SOCHI, Russia —Jason Brown met Evgeni Plushenko at an Olympic practice, and the Russian great said he was a big fan of the American teen.
Brown, the University of Colorado at Colorado Springs freshman who bubbles with enthusiasm even in the most mundane of conversations, recounted his reaction as: "What?! No, no, no, I'm such a huge fan of yours."
Brown isn't sure how Plushenko knows about him, but it's very possible he's one of the more than 3.8 million hits on the YouTube video of the 19-year-old's free skate at the U.S. Championships. Brown will do the program again Friday at the Sochi Games, and if he can match that electric performance from Boston last month, he just could win an Olympic medal.
The men's free program started at 8 a.m. MST. Brown, sixth after the short program, will skate last of the 24 skaters Friday.
On the day the 31-year-old Plushenko made his exit from the sport, withdrawing before his short program because of an injured back, the future had already arrived. Another 19-year-old, Japan's Yuzuru Hanyu, was the best skater on the ice, seizing first place with a record-setting score Thursday.
Brown isn't yet in Hanyu's area code, but he made the most of his repertoire. He doesn't do a quad jump, supposedly a necessity for an Olympic medal these days. And yet he's less than a point out of third place in a packed race for bronze.
All the other contenders for bronze do quads, and they're more experienced than Brown, who is in his first season competing internationally at the senior level.
But as he proved Thursday, that's no guarantee they'll finish ahead of him. His short program to Prince's "The Question of U" was a primer on how he can still rack up so many points. His intricate footwork meshes perfectly with every note, his spins are exquisite.
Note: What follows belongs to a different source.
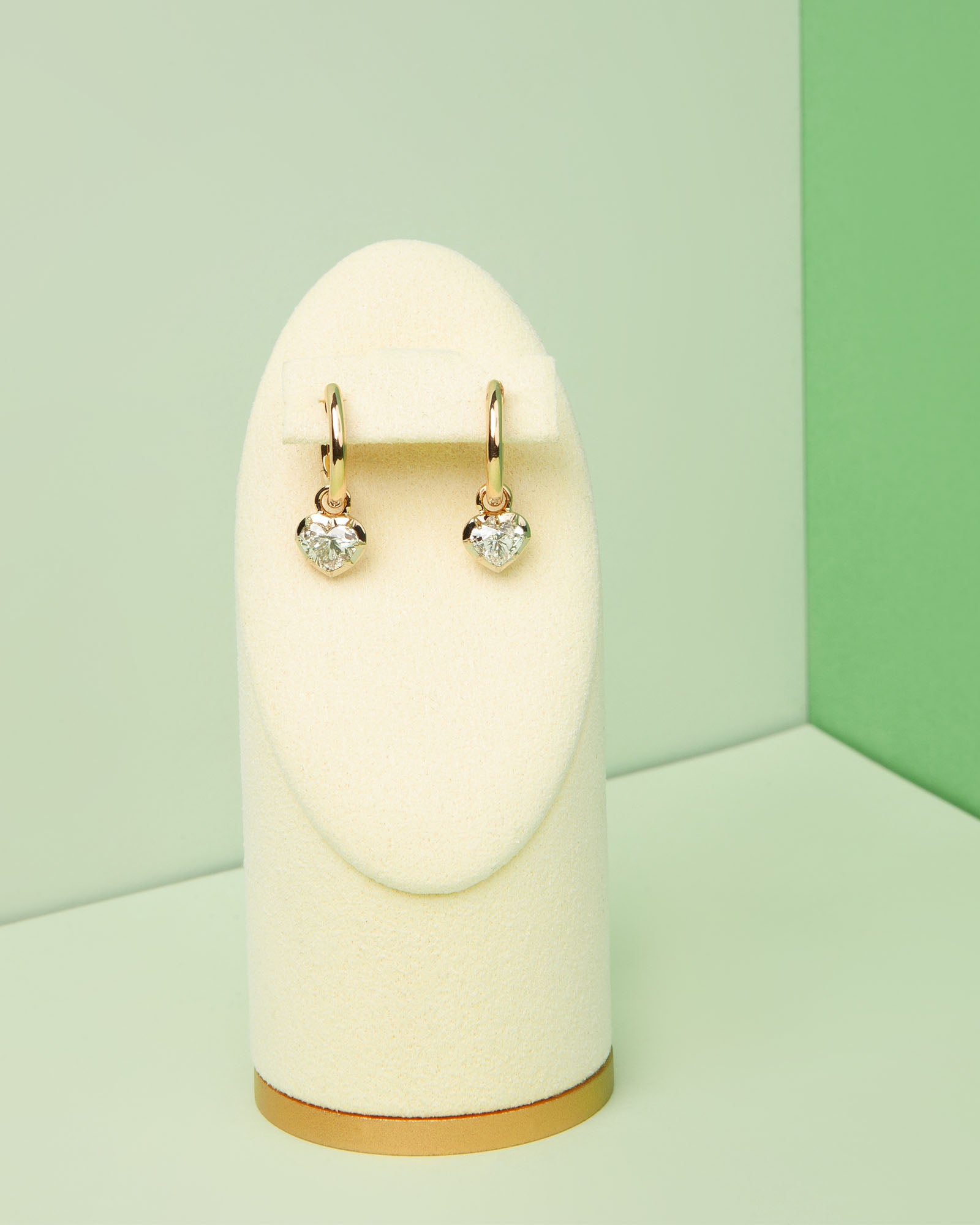 NOVI Jewelry 18K rose gold earrings with 1.01 ct heart-cut natural diamonds, GIA certified luxury diamond earrings.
In his purple shirt with Prince's "love symbol" in rhinestones on the back, he could have been the pop star onstage connecting with the fans in the stadium's back row.
When Denis Ten and Javier Fernandez, the silver and bronze medalists at last year's world championships, and reigning Olympic bronze medalist Daisuke Takahashi all made mistakes after him, Brown was squarely in the mix with a personal-best 86.00 points.
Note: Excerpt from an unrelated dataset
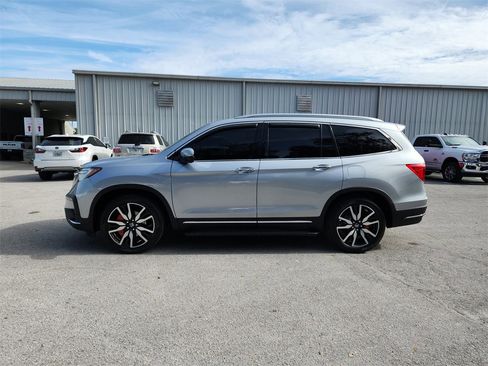 Used 2019 Honda Pilot Touring image 6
Hanyu leads with 101.45 points, while three-time world champ Patrick Chan is second with 97.52. Takahashi, Germany's Peter Liebers, France's Brian Joubert and China's Yan Han also are all within 1.32 points of Fernandez's third-place score of 86.98.
So once again it comes down to Brown's free skate to music from "Riverdance." That performance at nationals earned him a spot on the Olympic team when he moved up to second — and it made him a social media sensation.
An unknown outside the figure skating community before the U.S. Championships, Brown suddenly had TV cameras at his rink every day.
"I kept reiterating, 'I want to do what I train; I want to go out there and stay calm,'" Brown said. "That practice of being so mentally in check and having the same questions be asked over and over again with the media, I think that's really helped. When I come here, the cameras aren't daunting."
The cameras will be all over him Friday if he takes the ice with an Olympic medal in reach.